(Dataset records):
Segment Open

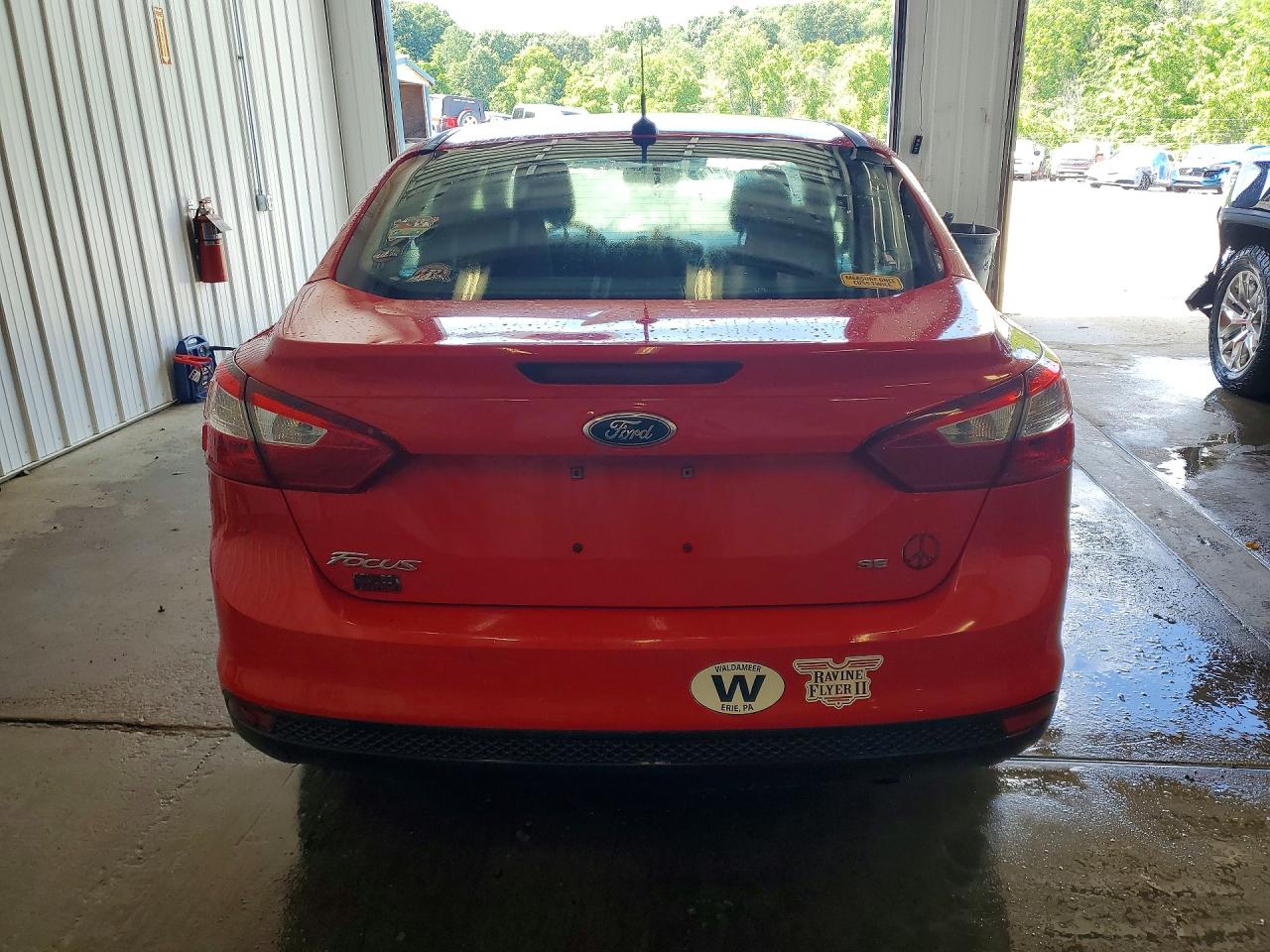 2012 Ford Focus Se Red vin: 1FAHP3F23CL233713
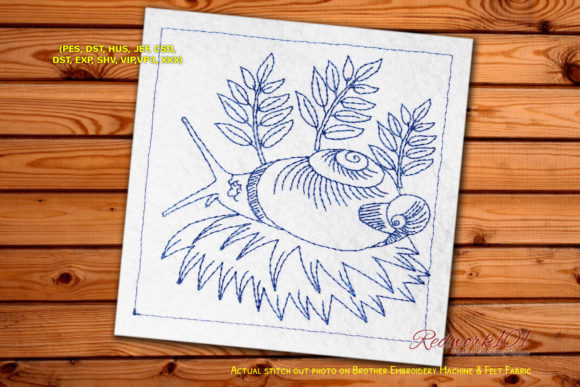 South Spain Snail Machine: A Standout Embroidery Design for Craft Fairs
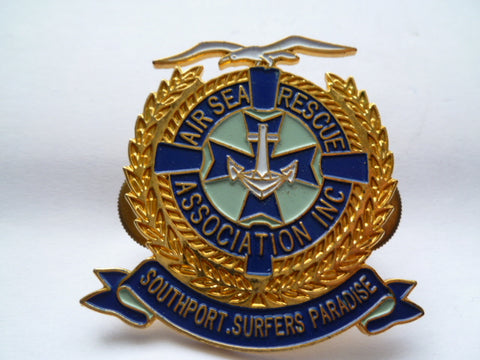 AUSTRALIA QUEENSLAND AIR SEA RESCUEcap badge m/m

Segment Closed
Segment Open

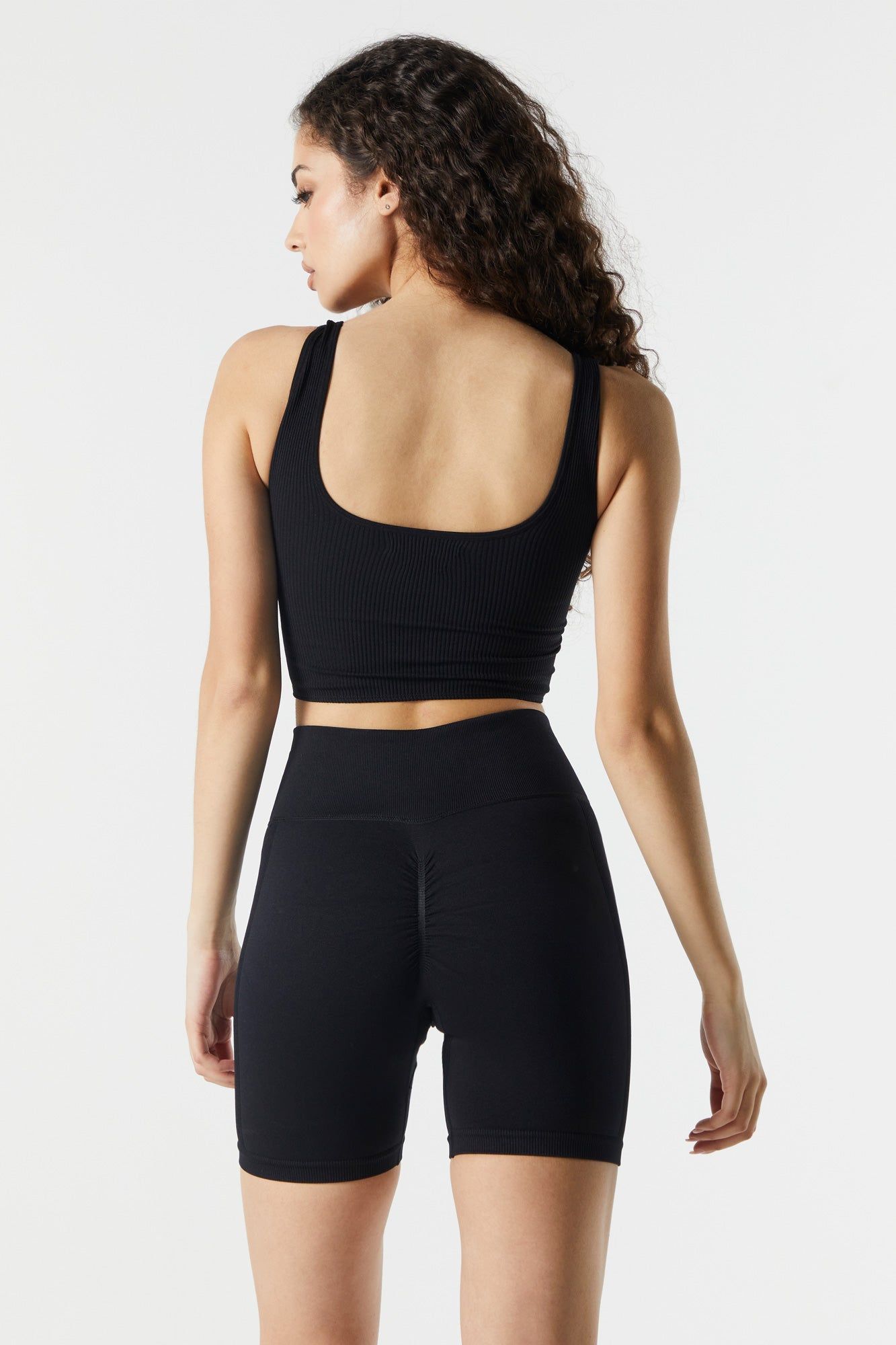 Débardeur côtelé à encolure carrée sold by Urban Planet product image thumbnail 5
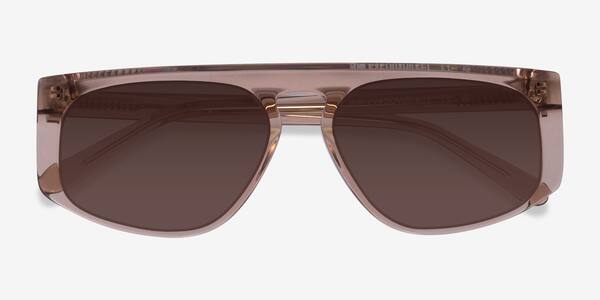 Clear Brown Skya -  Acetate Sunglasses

Segment Closed
Segment Open

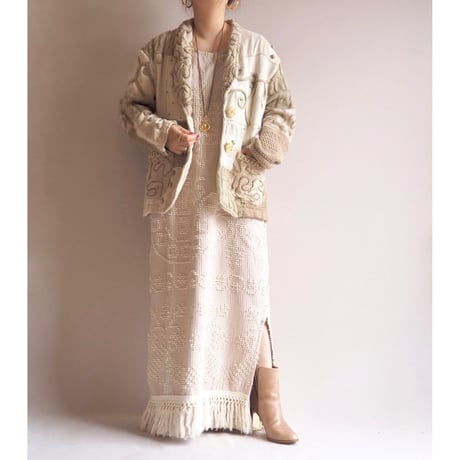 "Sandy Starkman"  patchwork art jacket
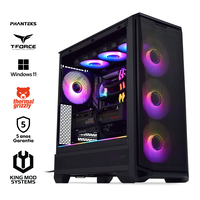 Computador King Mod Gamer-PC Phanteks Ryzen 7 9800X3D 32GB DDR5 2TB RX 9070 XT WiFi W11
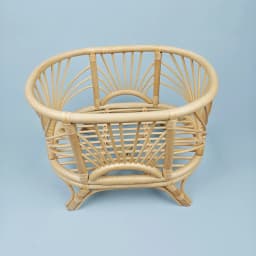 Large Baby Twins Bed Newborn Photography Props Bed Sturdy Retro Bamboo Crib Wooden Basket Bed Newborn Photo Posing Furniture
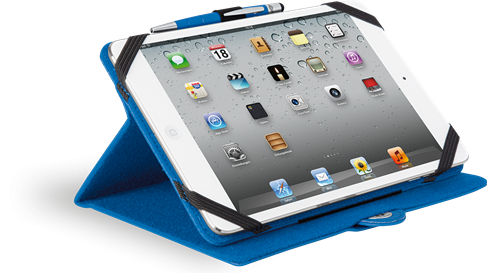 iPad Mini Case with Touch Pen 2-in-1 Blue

Segment Closed

(What you have to do):
Repeat exactly the lines above, from the line that contains "2012 Ford Focus" down through the line that contains "AUSTRALIA QUEENSLAND AIR". Include both of those lines and none of the pictures.

(Finished task):
 2012 Ford Focus Se Red vin: 1FAHP3F23CL233713
 South Spain Snail Machine: A Standout Embroidery Design for Craft Fairs
 AUSTRALIA QUEENSLAND AIR SEA RESCUEcap badge m/m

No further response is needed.